Creep.im is a free XMPP/Jabber server in a jurisdiction of France, operated by an individual, running for use by a general public. The service is setup and operated with users' security and privacy in mind. Please not abuse it and use appropriately.
In-band registration is available, use your client app to register an account. Registration using this website is not available.
Due to its focus on privacy and ease of use, Creep.im is currently getting widely abused by spammers. Which led to its inclusion in spam lists.

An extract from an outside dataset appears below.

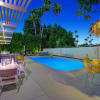 Отель Banana Cabana Palm Springs Three Bedroom House, фото 14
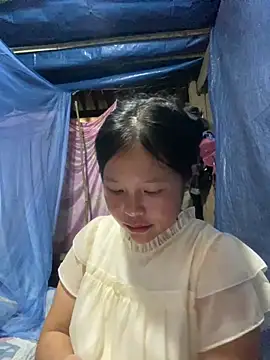 Snapshot of O_o_UwU_o_O chatting on October 9, 2025, 8:23 am O o UwU o O online show from October 9, 2025, 8:23 am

That means that communication with other servers is limited.
IPs are not logged.
In order to be able to communicate, you have to add the contact to your contact list first.
It is possible to link your Creep.im account to your email address and use the latter to reset your password if it will get forgotten or compromised. To do this, follow this link. Linked: 1017.
Creep.im has its own hidden service address in Tor: creep7nissfumwyx.onion. If you connect via Tor, use this address, since it will make you avoid exit nodes and stay inside anonymized Tor network. There is a guide how to setup your client to work with this hidden service.
Current certificate's SHA-1 fingerprint of Creep.im is ac:3b:7f:40:88:b0:5f:39:5a:aa:4e:4d:72:2e:0a:92:38:15:af:0e. If your client asks you to accept some other certificate, do not allow it, since this may be a malicious activity from some third party.
By default, user-to-user messages are not stored on the server. But keep in mind that some clients do this automatically by default. For a better privacy of your communications it is strongly advised to use OMEMO or Off-the-Record messaging, so your messages will be stored on the server in the encrypted form, unintelligible to any third party.
Since Creep.im strictly follows XSF standards, there is no interoperability with Google services.
Recommended desktop client: Gajim. On mobile, Conversations client for Android is recommended, since Creep.im is 100% XMPP compliant and supports all its features, including OMEMO end-to-end encryption.